Reviews — From the December 2017 issue

The Cost of Living

Elizabeth Hardwick’s political conscience

Discussed in this essay:

The Collected Essays of Elizabeth Hardwick, edited by Darryl Pinckney. NYRB Classics. 640 pages. $19.95.

Elizabeth Hardwick was drawn to the stifled shriek of the psyche in a world ruled by force. She saw how force works: how it stomps, cuts, beats, kills — and coddles, tickles, dances, flirts, holding out its bitter pleasures and dreary consolations to the striving, the deluded, and the weak. “The weak have the purest sense of history,” she once wrote. “Anything can happen.” But Hardwick is merely remembered, when she’s remembered, as a stylist, a glamorous irrelevance fashioning her slanted prose. It’s a tempting image; the prose is luminous. Novels, stories, reportage, criticism — every Hardwick artifact is instantly distinguished by her insistence on elaborate syntax, her sentences pitted with controlled eccentricities and sly blurs of phrasing. An unnamed South American writer strides into an essay from 1963:

His fingernails and his careful, neat dress tell you of all the polish, the care, the melancholy mending done at home by mothers and sisters. This man was one of those whom struggle had drained dry. He had arrived, by hideously hard work, at an overwhelming pedantry, a bachelorish violence of self-control. The pedantry of scarcity.

“The pedantry of scarcity”: the phrase is clipped but elliptical; the abstractions startle when juxtaposed. But what is the “violence” here, which taints the spirit and stalks its “self-control”?

Photograph of Elizabeth Hardwick by Inge Morath
© The Inge Morath Foundation/Magnum Photos

It’s all like this: sentences swiveling to probe and devour themselves, reveling in the bleary astonishment of experience. The first page of Sleepless Nights, Hardwick’s last, best, and most autobiographical novel, calmly presents its task as “this work of transformed and even distorted memory” — and the final page proclaims that this distortion, the act of pitching life into prose, packs a hazardous thrill: “Sweet to be pierced by daggers at the end of paragraphs.”

Many have been pierced. Wayne Koestenbaum’s collection My 1980s contains an essay titled “Elizabeth Hardwick’s Sentences,” and Brian Dillon has written a brilliantly sensitive study of a single one. Susan Sontag pronounced her the “queen of adjectives” — a salute to how Hardwick’s modifiers grip and twist their referents to release some flashing trickle of implication: “bachelorish violence,” “melancholy mending.” This is the stuff of fact, thought, sensation, arguments grinningly disciplined by style.

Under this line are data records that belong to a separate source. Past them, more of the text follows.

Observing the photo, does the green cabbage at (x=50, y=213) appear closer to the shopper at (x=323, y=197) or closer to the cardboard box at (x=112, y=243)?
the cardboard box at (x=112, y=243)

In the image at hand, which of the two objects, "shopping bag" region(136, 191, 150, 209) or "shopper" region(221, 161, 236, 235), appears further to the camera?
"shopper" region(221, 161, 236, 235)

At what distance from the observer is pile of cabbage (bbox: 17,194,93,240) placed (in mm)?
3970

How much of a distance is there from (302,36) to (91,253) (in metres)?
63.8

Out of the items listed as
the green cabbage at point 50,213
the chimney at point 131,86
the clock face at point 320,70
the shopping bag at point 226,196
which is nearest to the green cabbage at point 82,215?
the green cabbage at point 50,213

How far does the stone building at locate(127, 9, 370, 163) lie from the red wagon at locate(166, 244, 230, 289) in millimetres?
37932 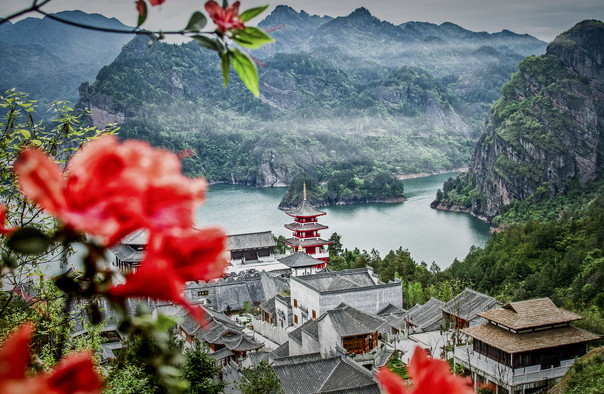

A new volume, The Collected Essays of Elizabeth Hardwick, augments her reputation by proving what that style could do: not simply assess literary texts or narrate the story of the self but grasp the relentlessness of collective existence. We see her charge at the world, armed with the perspicuity and compassion of her analysis, arriving at insights that together make up a mural of her age. Literary reputations are established and revised: Hardwick is a deft interpreter of letters and memoirs, listening closely for what’s muzzled, masked, deferred. (She thinks that Hart Crane may actually have lived quite happily! And that Byron’s lovers are “afflicted with the wrinkles of class arrogance.”) Jagged ruptures in culture — like the sexual revolution — are scrupulously judged: “The body, the young one at least, is a class moving into the forefront of history.” Civil rights, Vietnam, the new left, and second-wave feminism rumble through the book like tanks.

Ten years after her death, this book brings together literary commentary, reporting, and social criticism — often for The New York Review of Books, which she helped found in 1963 — to place Hardwick not simply in her clique or her generation but in her world: the tense, slashing, insurgent world of postwar American arrogance and crisis.